Hypermediation. What is a statement? But the problem is already determining the singular projection of the statement onto life: both to identify the variously formed matters contained within it, with each of their constituent speeds and trajectories; but also the strata which capture and isolate (or ramify and merge) these intensities through one another. A statement is attached to productive networks which run throughout society; it is an auto-projection of the truth of society onto itself, which is perhaps to say the power of the false characteristic of a time.

Power induces, but also overflows and overdetermines the statement. The formations of power are composed of segmented, modular processes resembling and indeed modeled on the ‘rational ordered liberty’ which statements engender. The  statement surveys power itself as the structuring concept for philosophy, science and politics. Yet the productive networks negotiate the statement via a complex assemblage of enunciations in an asignifying and seamless process to which no subject may be attributed. The revolutionary potential of a statement can never be said to have been completely annihilated. Furthermore, this constituent impossibility of attribution which characterizes the statement can also be seen in the way it forms a projection of the social landscape as if from any position whatsoever — or from no position at all.

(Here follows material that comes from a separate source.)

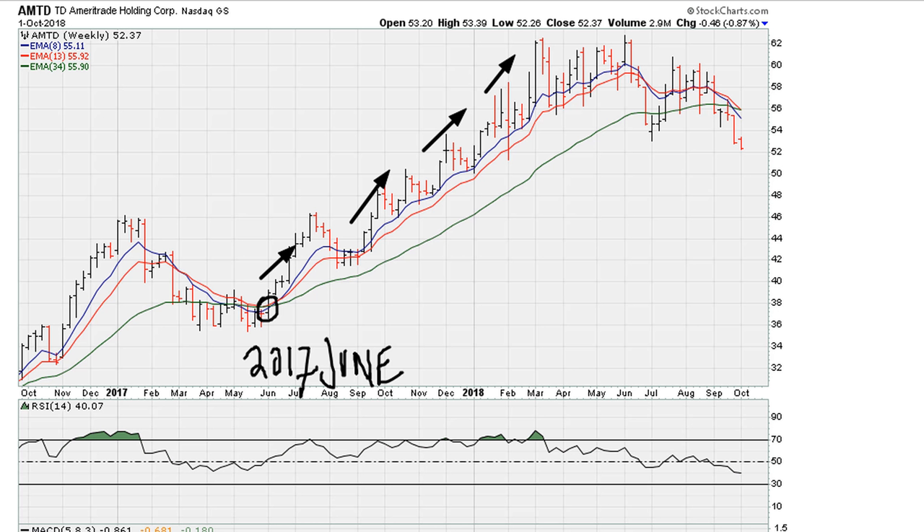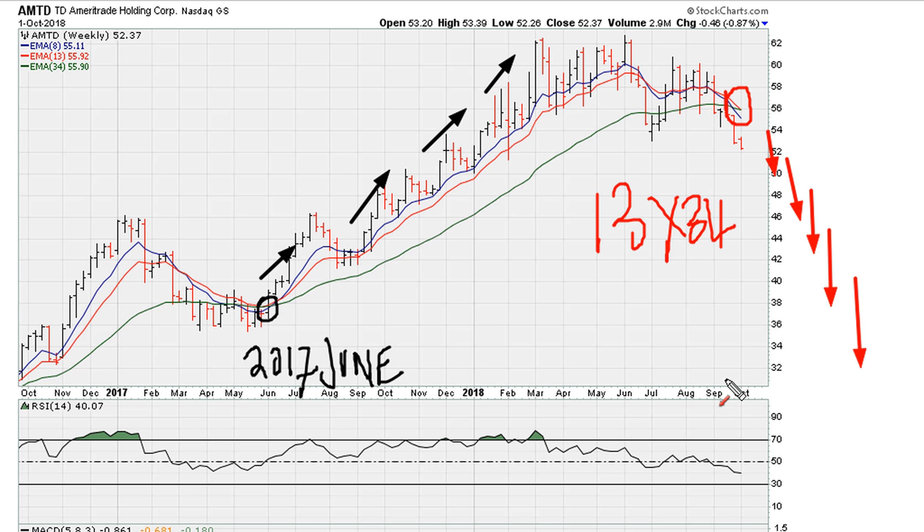Now we are seeing the exact opposite, which is a bearish crossover between the 13 and 34-week moving average, suggesting that there is a high likelihood in the coming months the trend is going to favor the downside. Let's see how it plays out — whether this crossover is telegraphing that we are going to be seeing much lower prices for AMTD.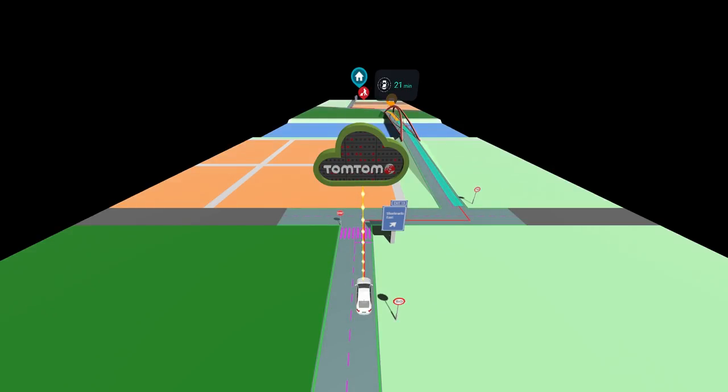Should the car drive the same stretch of road again, AutoStream will check whether new map data has become available. If not, it will use the existing map in the cache to minimise data consumption.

The question regarding the statement thus involves the problem of the attribute or stratification; which when uttered always amounts to a kind of triangulation of the individual: the voice (which expresses nothing,) the mouth (which is speaking — or eating?), the statement (as we have seen, collective, intensive vectors of expression which are auto-projections of the social and economic space in which they are uttered). Each attribute is a way to escape the technology of the signifier; but attribution is itself this domesticating technology, a simplifying formula (Sign + Sound = Voice) which intoxicates language with itself.

This intoxication may belong in rare cases to sobriety: configurations unleashing the profound aridity of the statement, driving us towards singular and — perhaps even always peculiar, perverse — spaces where collective enunciation is possible; the revolutionary potential of any attribute is precisely in that it defies pure attribution. Nietzsche explains over and over again that we cannot assess the value of life itself; it remains an incalculable question mark whose mystery gives weight to human decisions. All attributions are ultimately of this kind; the question of the statement is that of binding a cause to an effect, attributing a signifying subject to an asignifying process. It is the power of the false itself, the imagining of subjectivity into becoming.

A voice which enunciates a content and a speaker who formulates an expression; but the expression and the content are not conjoined, the speaker and the voice are not identical. In between a contingency, a gap which testifies to a becoming. The statement is always already an echo, an asubjective enunciation, a cry or infinite speed of language which can no longer be attributed to a subject, but which nevertheless always forms a kind of spectral projection onto the economic and political landscape in which it is uttered.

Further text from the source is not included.